Some men -- like Berger -- may not view their lives as dull at all, but they recognize the need to escape from time to time. They drop out from their routines.
Men's lives are chewed up by work. Football somehow provides us with a space of our own.
Watching football is like going to the gym. It's an area of our lives where we are able to do something for ourselves. A lot of men get into trouble with that, because we resent an intrusion. "What do you mean coming in here in the middle of the game and asking me, 'Who is going to pick Mary up from school tomorrow?' Get out of my face! This is my time and my space."
"For some men," Dr. Don Sabo says, "you might say that football spectatorship is a refuge from the onslaught of work and family responsibility. It's an island of respite. A lot of men really feel disempowered in their lives."
Most people in this example want to escape their workmates, their spouse, their children or their worries for a couple hours. It doesn't mean they don't love their family or they can't face reality. It doesn't mean they're bad people. They just need a break, a time-out from the usual below-the-line stress. Many guys get it from watching football.
"You have, on one hand, people who are seeking rewards and, on the other hand, they are escaping a personal and interpersonal world," Dr. Seppo E. Iso-Ahola says. "When you apply this to the spectator setting, it is an excellent place for these motivational tendencies to take place. Obviously, there are many opportunities for seeking personal rewards. It's an excellent opportunity for people to escape the mundane routines in which they live, especially when you are talking about men. Football is a man's game, a macho game, and it provides an excellent opportunity to escape for a couple of hours."
Iso-Ahola is quick to say that there doesn't necessarily have to be anything bad going on at home or in a marriage for a man to need an NFL break.
"Men often watch football in the company of what they call their best buddies," he says. "They are seeking interpersonal rewards as well.
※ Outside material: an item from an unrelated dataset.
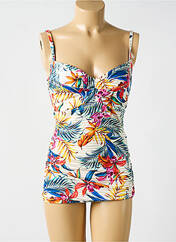 Top de bain bleu CYELL pour femme seconde vue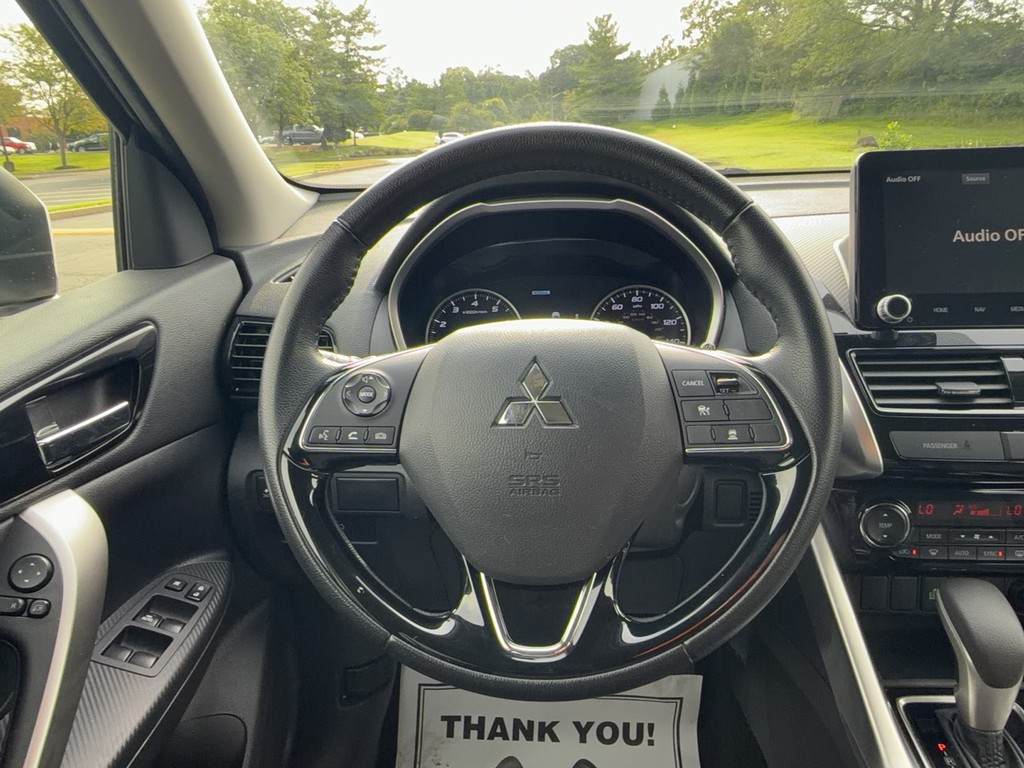 2024 Mitsubishi ECLIPSE CROSS SE/SEL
It is interesting at the same time they are avoiding certain types of interpersonal encounters like spouses and workmates they are seeking other types of interpersonal interaction. It is not like they want to be alone. But they want to regulate that social interaction."
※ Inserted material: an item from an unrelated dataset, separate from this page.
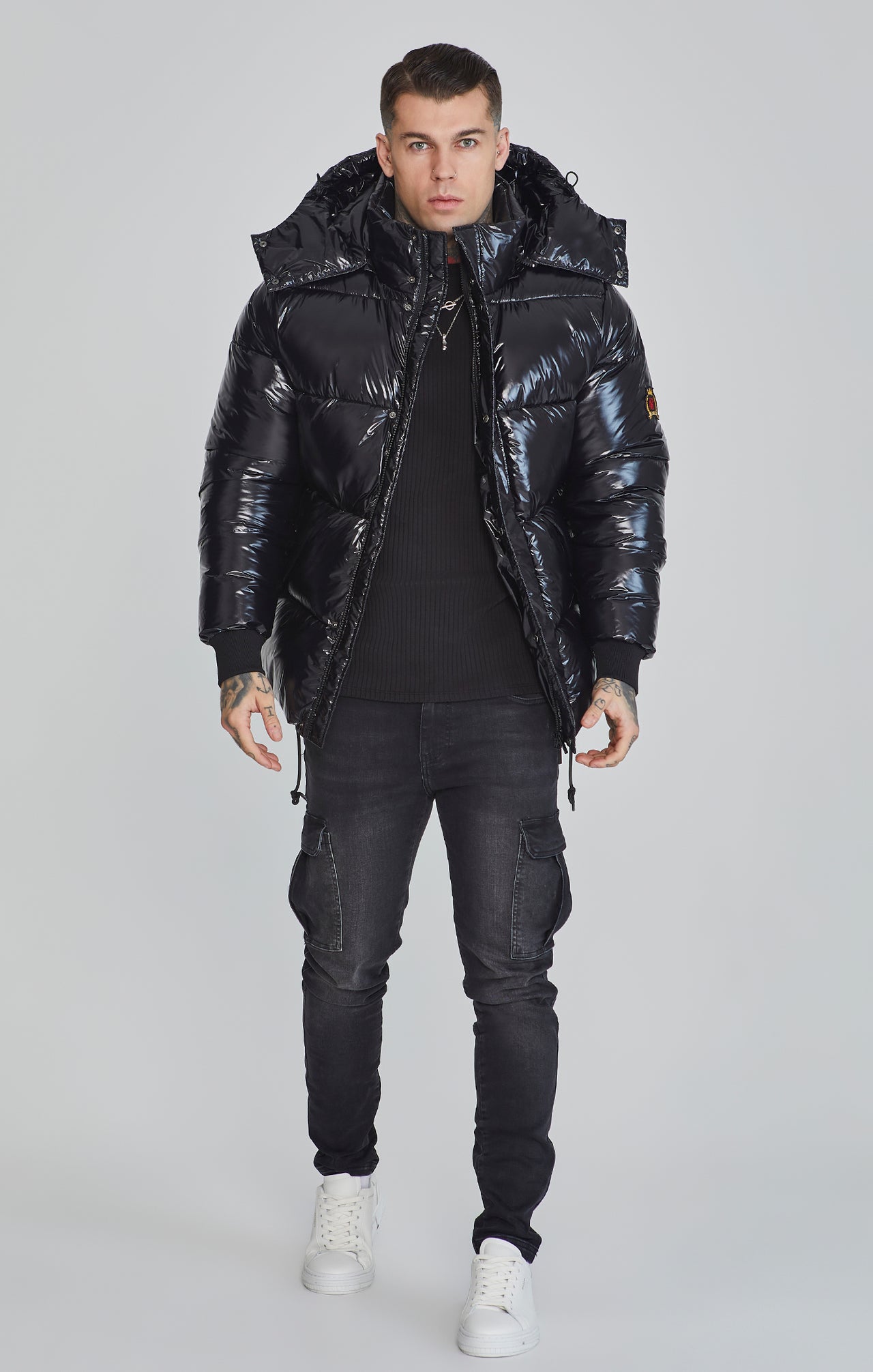 Black Puffer Jacket (1)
Football provides an excellent opportunity, psychologically, for this kind of regulated escape."
Dr. Gregory B. Collins disputes the notion that men, as a rule, are bored. He pins the need for escape more clearly on stress.
"I see a lot of men in my practice and I rarely if ever hear them say that their lives are boring," he says. "I don't think it is a frequent complaint. I hear more about stress or misunderstandings, conflict and that sort of stuff rather than 'boring.' I don't know that football is a major motivator but it fills a void. I see people with all kinds of exciting jobs and they all watch football. It's something that is very broadly appreciated by people with good, exciting jobs by most people's standards and by people with boring jobs. It doesn't seem to matter."
There are certainly a lot of schools of thought concerning the boredom/escapism notion. For instance, healthy, happy people work and play. Sick people work all the time. They are workaholics. Sick people play all the time. They are playboys and playgirls and don't take anything seriously. The happiest people are people that balance their work and their play.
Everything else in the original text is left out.